The Koh Kong Provincial Court has summoned an environmental activist living in the Areng Valley for questioning over allegations that he felled trees in a forest in order to build a community center, rights workers said Sunday.
The summons, dated February 25 and signed by prosecutor Bou Bun Hang, orders Ven Vorn, 36—an ethnic Chong villager who worked closely with recently deported Spanish activist Alex Gonzalez-Davidson—to appear before the court on March 10 to answer questions over a complaint filed against him by the Forestry Administration’s Koh Kong cantonment in January.
The summons does not say what Mr. Vorn is accused of, and court officials could not be reached.
However, In Kongchet, provincial coordinator for rights group Licadho, said the Forestry Administration claims Mr. Vorn cut down trees inside a designated forest in order to build a community center in Thma Baing district’s Chumnap commune. He said the accusation was groundless, and meant to intimidate an activist vocally opposed to a planned hydropower dam that would flood the Areng Valley and force him and hundreds of other Chong villagers from their ancestral land.
“The forestry officials filed a legal complaint against him,” Mr. Kongchet said. “But he didn’t do anything against the law. He just cut down normal trees to build a community center for holding meetings.”

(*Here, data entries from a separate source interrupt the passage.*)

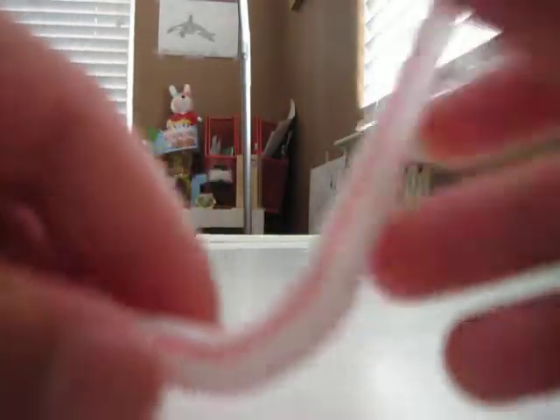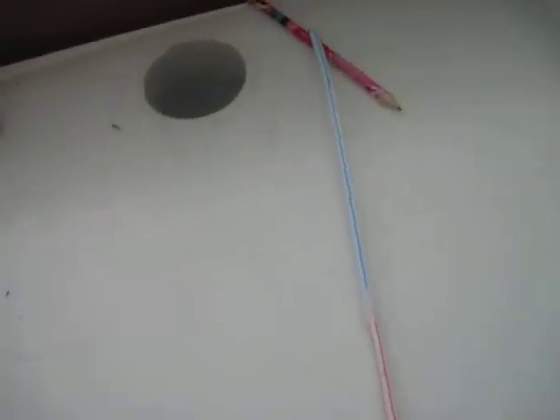And then bend whichever side you want it to be the bottom. Stretch it out first, then bend it. Then it's going to be like this. This one didn't have to be bendable.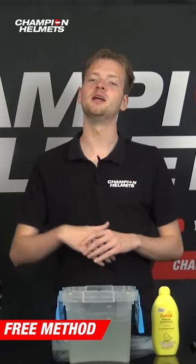In today's video, I'll be guiding you through two ways to clean your helmet. All you need are some basic supplies that you probably already have laying around the house.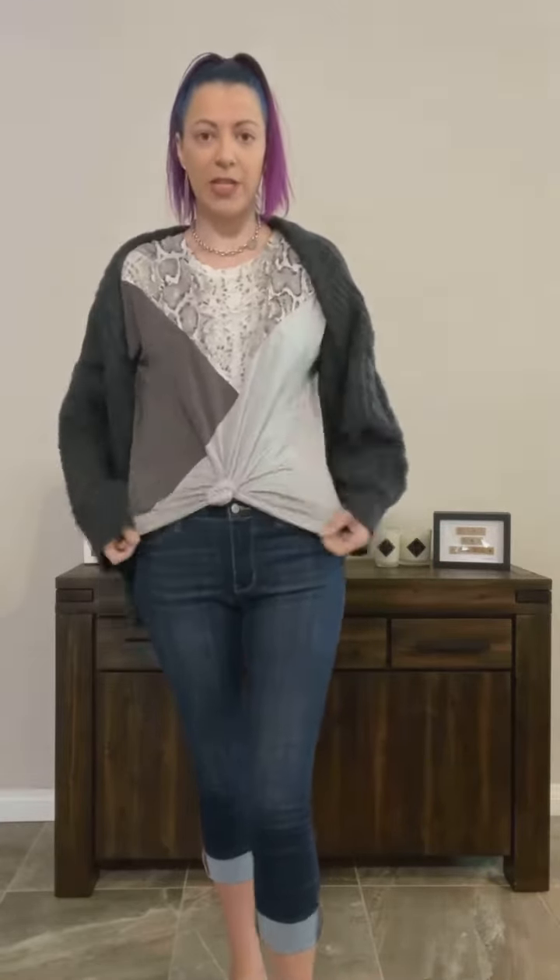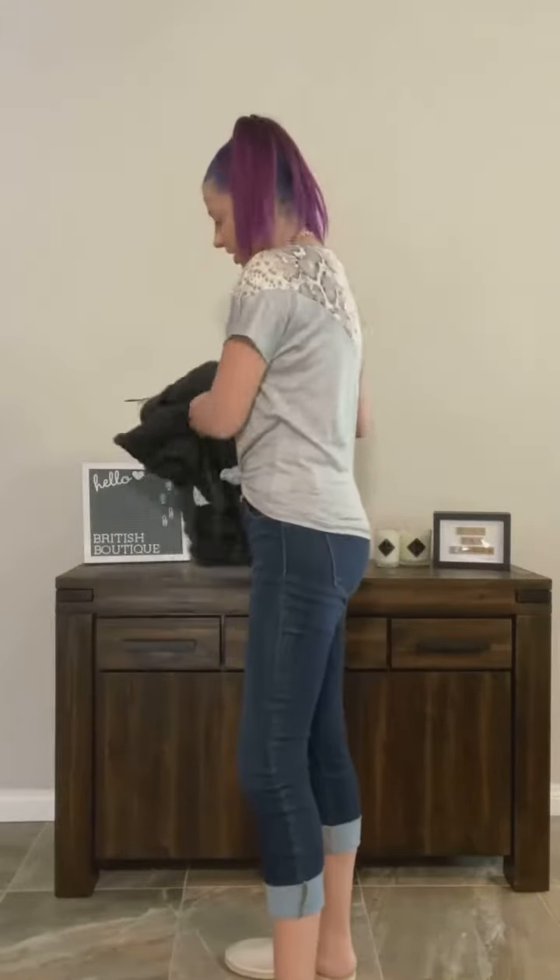It's stretchy enough that you can knot it, so if you like that knotted or tucked look, this is a perfect shirt for that. As you can see with the cardigan it's very easy and casual, easy to dress up, but you can easily turn it into a very casual t-shirt look, and it's going to look just as good with shorts.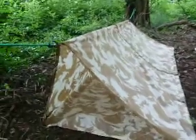So what I've now made myself, if it's wet weather, is a one-man A-frame tent.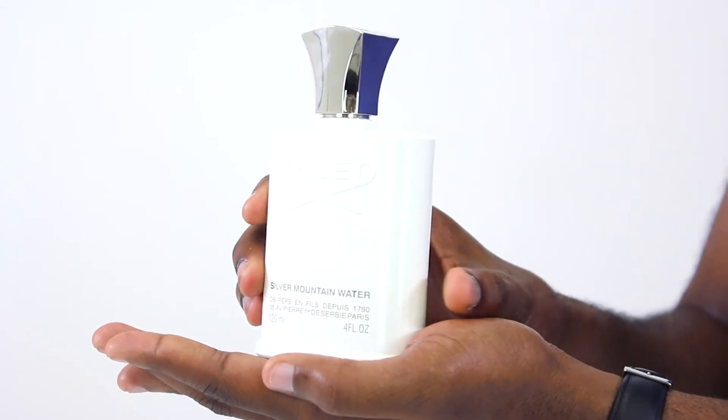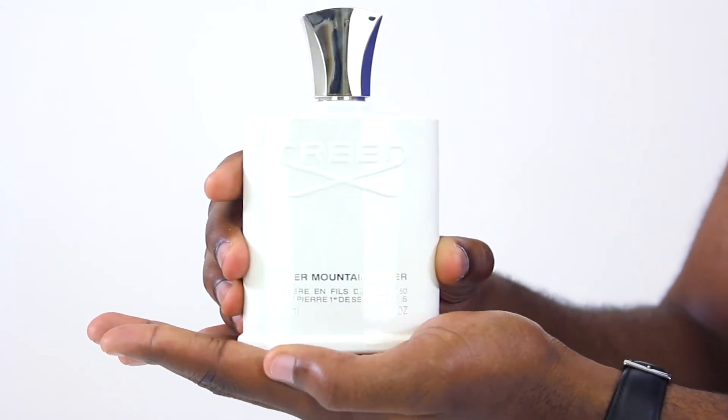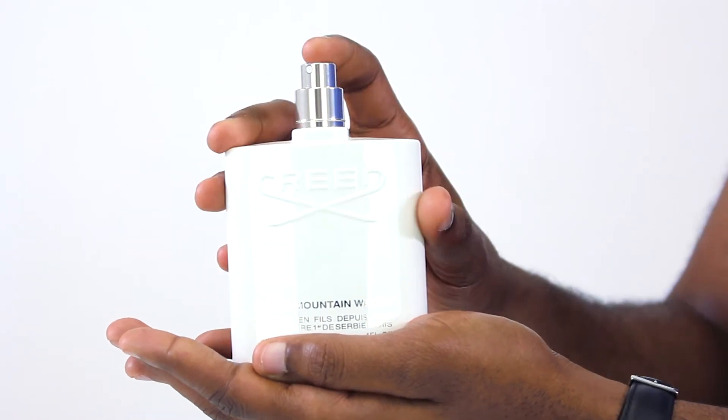The citrus notes are in the top of the scent, specifically Mandarin and Bergamot. The middle notes are Black Currant and Green Tea.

“He [Mr. Vorn] joined hands with Mr. Alex to protect the forest because he didn’t want a hydropower dam in Areng to be constructed. This is an act of using the court system to threaten him, to reduce his courage.”
Mr. Gonzalez-Davidson was deported last month on the grounds that he helped set up an illegal roadblock on the main route leading into the valley in September.
Oum Meakeary, chief of the Forestry Administration’s Koh Kong cantonment, denied that anyone in the office had filed a complaint against Mr. Vorn.
“If he goes to court, he will find out who filed a complaint against him,” he said, refusing to comment further.
Sun Mala, who co-founded the NGO Mother Nature with Mr. Gonzalez-Davidson in an effort to prevent construction of the 108-MW Stung Cheay Areng dam, said the timing of the Forestry Administration’s complaint against Mr. Vorn was suspicious.
“This could be an intimidation strategy, because when Mr. Alex was there, there was no complaint,” he said.
“This is a strategy to threaten and split up the community voices so the company can go develop a dam inside Areng.”
Mr. Vorn could not be reached on Sunday, but both Mr. Kongchet and Mr. Mala said he would heed the court summons.